▶ _Required work_:
The listing below must be returned in full and unchanged, without the images it carries.

▶ _Data extract_:

^^^^

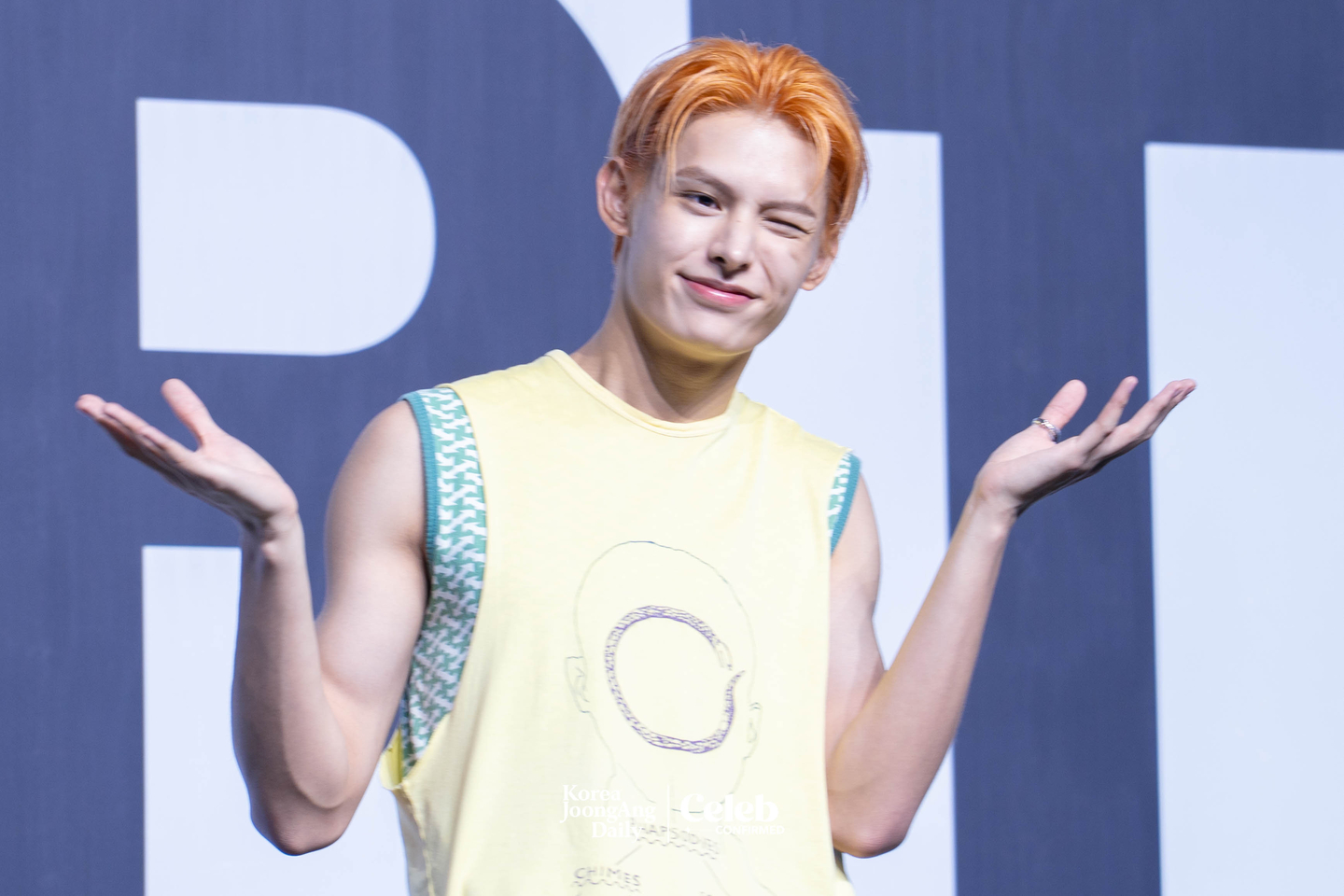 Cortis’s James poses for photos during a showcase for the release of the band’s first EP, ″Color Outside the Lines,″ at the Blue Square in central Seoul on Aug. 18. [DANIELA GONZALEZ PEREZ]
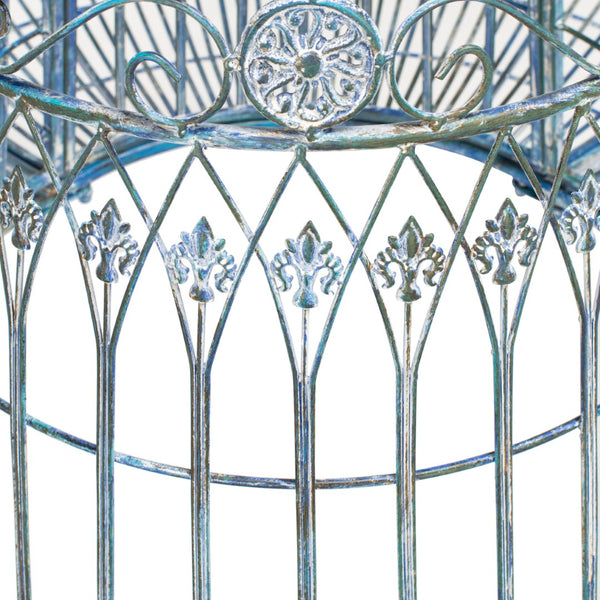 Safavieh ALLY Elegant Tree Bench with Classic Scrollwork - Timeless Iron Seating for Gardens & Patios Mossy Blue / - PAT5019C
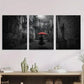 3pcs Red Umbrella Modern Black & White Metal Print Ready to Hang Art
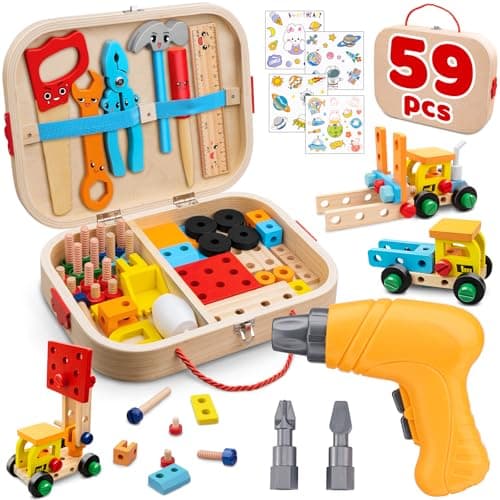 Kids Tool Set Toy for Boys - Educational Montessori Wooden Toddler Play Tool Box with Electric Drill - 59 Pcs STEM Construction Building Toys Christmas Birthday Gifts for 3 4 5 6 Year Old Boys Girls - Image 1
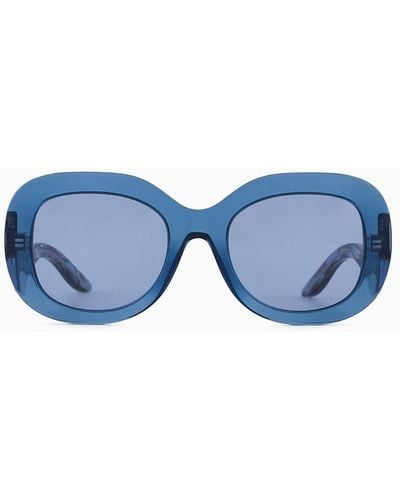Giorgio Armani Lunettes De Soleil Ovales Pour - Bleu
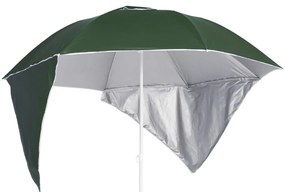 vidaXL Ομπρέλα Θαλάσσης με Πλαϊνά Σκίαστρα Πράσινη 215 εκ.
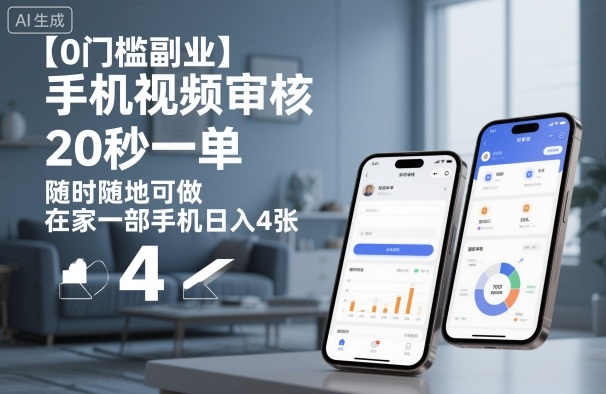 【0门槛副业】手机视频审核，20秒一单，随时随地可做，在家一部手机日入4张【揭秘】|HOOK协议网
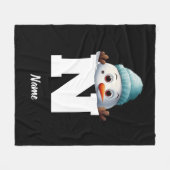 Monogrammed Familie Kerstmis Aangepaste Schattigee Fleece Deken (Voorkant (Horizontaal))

^^^^

▶ _Written reply_:
 Cortis’s James poses for photos during a showcase for the release of the band’s first EP, ″Color Outside the Lines,″ at the Blue Square in central Seoul on Aug. 18. [DANIELA GONZALEZ PEREZ]
 Safavieh ALLY Elegant Tree Bench with Classic Scrollwork - Timeless Iron Seating for Gardens & Patios Mossy Blue / - PAT5019C
 3pcs Red Umbrella Modern Black & White Metal Print Ready to Hang Art
 Kids Tool Set Toy for Boys - Educational Montessori Wooden Toddler Play Tool Box with Electric Drill - 59 Pcs STEM Construction Building Toys Christmas Birthday Gifts for 3 4 5 6 Year Old Boys Girls - Image 1
Giorgio Armani Lunettes De Soleil Ovales Pour - Bleu
 vidaXL Ομπρέλα Θαλάσσης με Πλαϊνά Σκίαστρα Πράσινη 215 εκ.
 【0门槛副业】手机视频审核，20秒一单，随时随地可做，在家一部手机日入4张【揭秘】|HOOK协议网
 Monogrammed Familie Kerstmis Aangepaste Schattigee Fleece Deken (Voorkant (Horizontaal))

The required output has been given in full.